Even though it’s not mentioned much in the news any more, bank failures are still happening. As we mentioned in the podcast, the FDIC maintains a bank watch list, to help identify banks that are in danger of failing. Unfortunately, that’s not for public distribution – reason being of course, if you find out that your bank is on a failure watch list, you’ll immediately pull your funds out, and we can’t have that now, can we? (Do you ever get the feeling that the FDIC isn’t really into helping out the customers of the banks, but the banks themselves?)
So, the FDIC list isn’t going to be found here. I mis-spoke. Mea Culpa.
Greg is a Beeg Dummy.
However, there is hope in figuring out what bank, thrift and loan, and credit union is doing what.
The answer, of course, springs from the private sector. There are plenty of companies out there that will be more than happy to give you an assessment of a financial institution. For a fee, of course (hey, it’s private sector! Capitalism, baby!) But with enough digging, we’ve found a few sources that are free assessments, and the sites they’re on are worth bookmarking in whatever browser you’re using.
Bank ratings – gives the 20 best and 20 worst performers, in an easy to understand table. We’ll have to keep watch to see how often the ratings are updated, but the current data is from 1-6-09.
Full list of bank ratings – gives bank ratings by state (sometimes helps to know where the banks are headquartered, but if you don’t know, leave the “State” field blank, and put the name of your bank into the lower field and then search. Select your bank, and there you go. Much faster to know where they’re headquartered though, doing a full search will give you a pretty big list)

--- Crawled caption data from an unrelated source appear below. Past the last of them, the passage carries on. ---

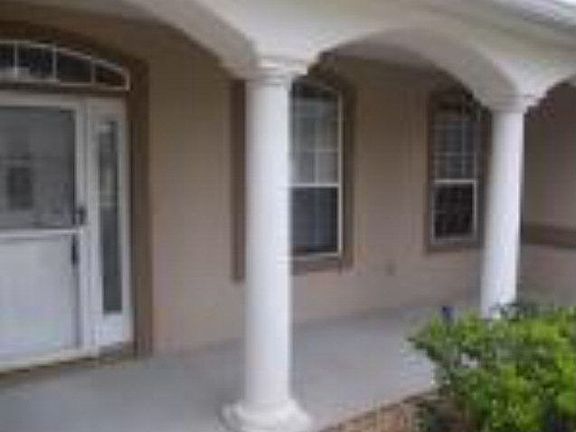 2nd image of 127 Cochise Ct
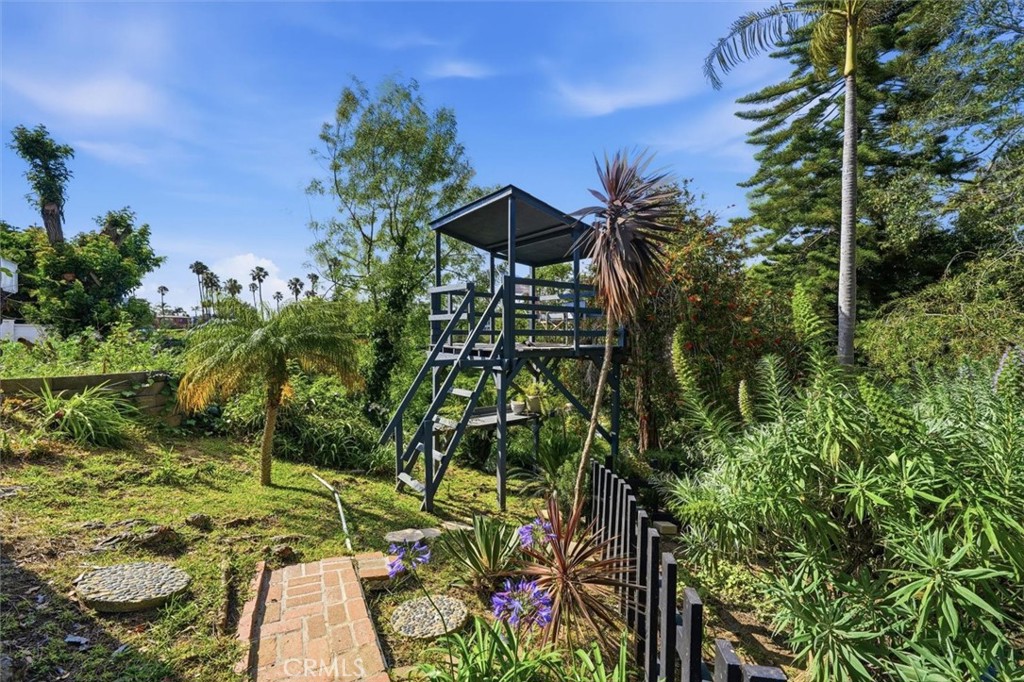 255 Ocean View, Newport Beach CA 92663 - photo 30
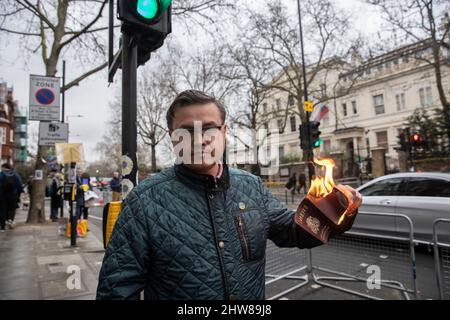 Ein russischer Bürger verbrennt seinen russischen Pass vor der russischen Londoner Botschaft aus Protest gegen die Invasion der Ukraine durch den russischen Diktator Vladmir Putin. Bayswater, London, UK 04. March 2022 Credit: Jeff Gilbert/Alamy Live News Stockfoto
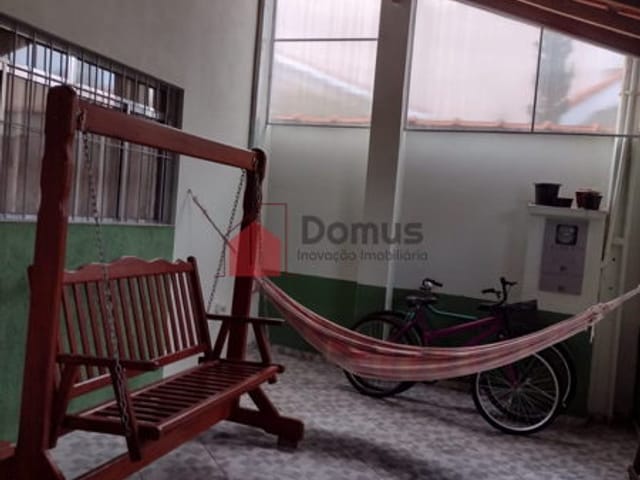 Casa com 156m², à venda, no bairro Laerte Assunção em Pindamonhangaba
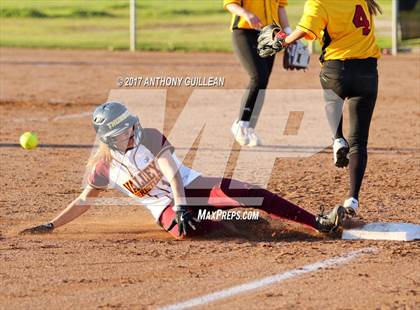 Thumbnail 1 in Valley Christian @ Estancia photogallery.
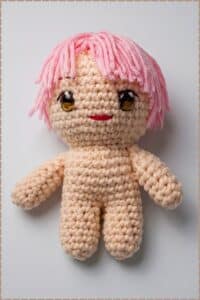 crochet amigurumi doll - featured image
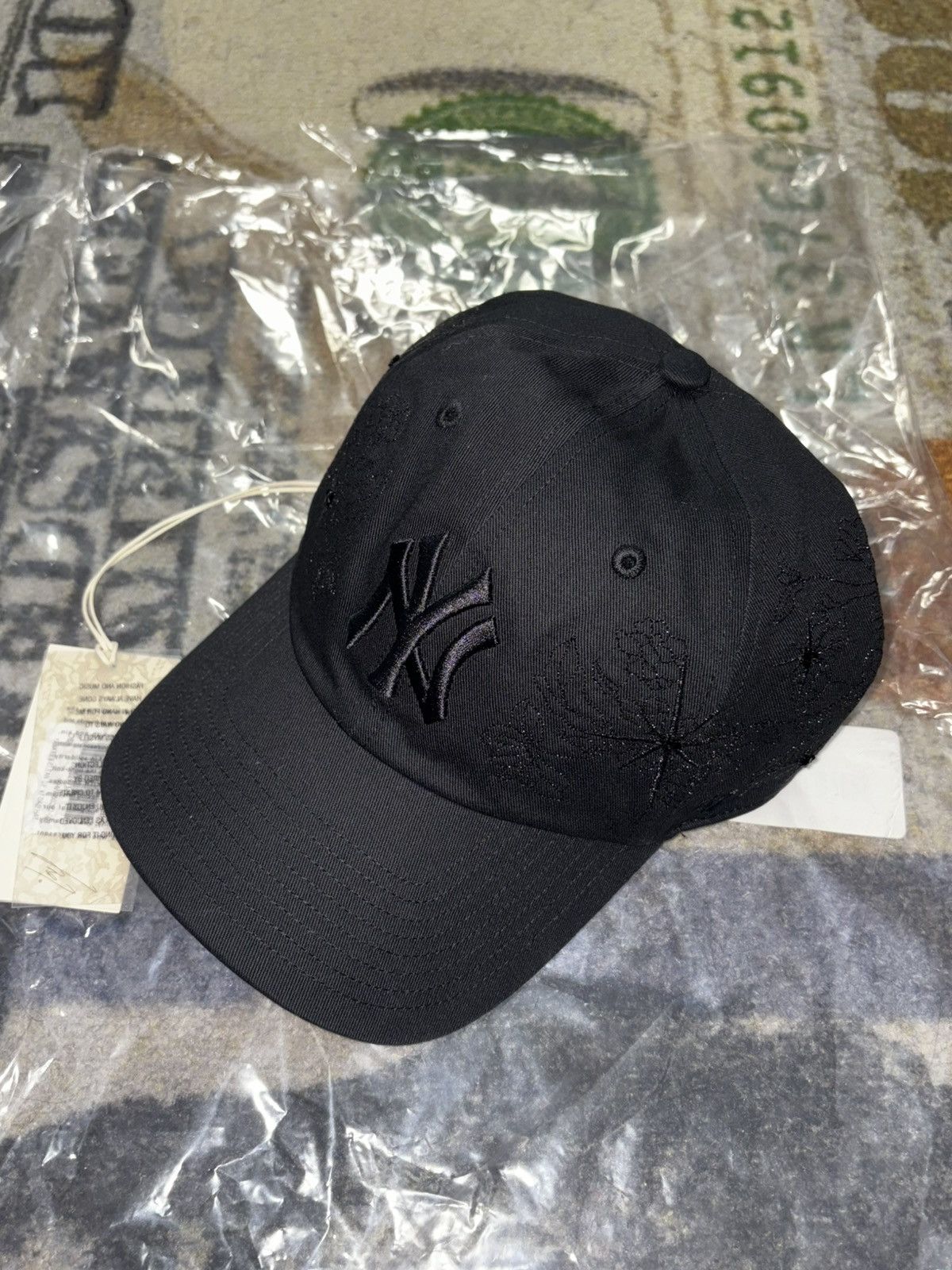 Kith × New York Yankees Lisa for Kith ‘47 Clean Up Classic Cap Size ONE SIZE - 1 Thumbnail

Now, there is one other thing to look at while you’re spending the time to look at these sources, hopefully finding info that’s of use to you. It’s the failed bank list from the FDIC. One thing to note, and something to pay attention to: note the number of bank failures since the beginning of 2009. Seems to me that I never heard about many of them on the news, but there they are, in black and white. I count 44 banks that have failed since January 1st, 2009, and we’re not even through February as I write this.
Knowledge is power folks, knowledge is power. Use it.